Active Record ADBC adapter
Description
Active Record ADBC adapter provides an ADBC adapter for Active Record.
This adapter is optimized for extracting and loading large data from/to DBs. The optimization is powered by Apache Arrow.
Install
Gemfile
Add
rubygems-requirements-system
plugin and activerecord-adbc-adapter gem to your Gemfile
:
plugin "rubygems-requirements-system"
gem "activerecord-adbc-adapter"
This adapter requires ADBC libraries implemented in C++. The rubygems-requirements-system plugin installs it into your system automatically.
GitHub Actions
On GitHub Actions, you should not use the bundler-cache: true
option. Because it only caches activerecord-adbc-adapter gem. It
doesn't cache ADBC libraries installed into your system. You need to
run bundle install
after actions/setup-ruby
something like the
following:
- uses: ruby/setup-ruby@v1
with:
ruby-version: ruby
# bundler-cache: true # No "bundler-cache: true"
- run: bundle install
ADBC driver
You also need to install ADBC drivers for systems you want to connect. For example, you need the ADBC driver for PostgreSQL when you want to connect to PostgreSQL.
See https://arrow.apache.org/adbc/current/driver/installation.html for the latest information.
Here is information for some drivers:
PostgreSQL:
# Debian/Ubuntu
sudo apt install libadbc-driver-postgresql-dev
# Red Hat Enterprise Linux variants
sudo dnf install adbc-driver-postgresql-devel
SQLite:
# Debian/Ubuntu
sudo apt install libadbc-driver-sqlite-dev
# Red Hat Enterprise Linux variants
sudo dnf install adbc-driver-sqlite-devel
DuckDB: You don't need to install additional packages for ADBC
support. libduckdb.so
includes ADBC support.
Usage
This adapter is optimized for extracting and loading large data from/to DBs. You should use the built-in adapters for normal CRUD use cases. You should use this adapter only for large data.

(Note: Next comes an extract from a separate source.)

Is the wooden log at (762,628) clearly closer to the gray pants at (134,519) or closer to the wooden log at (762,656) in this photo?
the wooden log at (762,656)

You can use the Active Record's multiple databases support feature.
config/database.yml
Here is a sample config/database.yml
. The primary
configuration is
for the built-in PostgreSQL adapter. The adbc
configuration is for
this adapter.
default: &default
primary:
adapter: postgresql
encoding: unicode
pool: <%= ENV.fetch("RAILS_MAX_THREADS") { 5 } %>
url: <%= ENV.fetch("DATABASE_URL") { "postgresql:///my_app_#{Rails.env}" } %>
adbc:
adapter: adbc
driver: adbc_driver_postgresql
# "uri" not "url"!!!
uri: <%= ENV.fetch("DATABASE_URL") { "postgresql:///my_app_#{Rails.env}" } %>
# You need this to avoid migration.
database_tasks: false
development:
<<: *default
test:
<<: *default
production:
<<: *default
Note
Configuration parameters are different for each ADBC driver. For
example, the PostgreSQL
driver
and [the SQLite
driver(https://arrow.apache.org/adbc/current/driver/sqlite.html) use
uri
for connection information but the DuckDB
driver uses
entrypoint
and path
:
adbc:
adapter: adbc
driver: duckdb
entrypoint: duckdb_adbc_init # You should not change this.

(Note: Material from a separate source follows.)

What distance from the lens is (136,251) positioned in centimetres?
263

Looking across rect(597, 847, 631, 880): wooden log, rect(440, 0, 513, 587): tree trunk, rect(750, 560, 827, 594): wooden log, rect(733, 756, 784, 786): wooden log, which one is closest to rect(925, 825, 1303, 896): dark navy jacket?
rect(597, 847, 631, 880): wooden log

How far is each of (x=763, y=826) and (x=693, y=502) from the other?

path: <%= ENV.fetch("DATABASE_PATH") { Rails.root.join("db", "#{Rails.env}.duckdb") } %>
# You need this to avoid migration.
database_tasks: false
See the driver's documentation for available parameters.
Model
You need to create an abstract class for the ADBC connection:
# app/models/adbc_application_record.rb
class AdbcApplicationRecord < ActiveRecord::Base
include ActiveRecordADBCAdapter::Ingest
self.abstract_class = true
connects_to database: { writing: :adbc, reading: :adbc }
end
You can create a model for the ADBC connection:
# app/models/adbc_event.rb
class AdbcEvent < AdbcApplicationRecord
self.table_name = :events
end
You can use Event
(that is derived from ApplicationRecord
not
AdbcApplicationRecord
) model for normal use case and AdbcEvent
for
large data use case. For the large data use case, you should use
Apache Arrow data as-is as much as possible for performance. You can
get Apache Arrow data by #to_arrow
:
AdbcEvent.all.to_arrow
You can use .ingest
to load Apache Arrow data:
AdbcEvent.ingest(arrow_data)
You can copy large data efficiently by these method. Here is an sample code to copy events in the latest 30 days to DuckDB from PostgreSQL:
DuckDBAdbcEvent.ingest(PgAdbcEvent.where(created_at: ..(1.month.ago)).to_arrow)
Performance
Here is a benchmark result with 100 integer columns and 10000 rows
load/dump with PostgreSQL. This adapter is faster than Active Record's
built-in PostgreSQL adapter and raw SQL (INSERT INTO ...
and
SELECT * FROM ...
).
Load:
user system total real
SQL 0.003738 0.003141 0.006879 ( 0.350767)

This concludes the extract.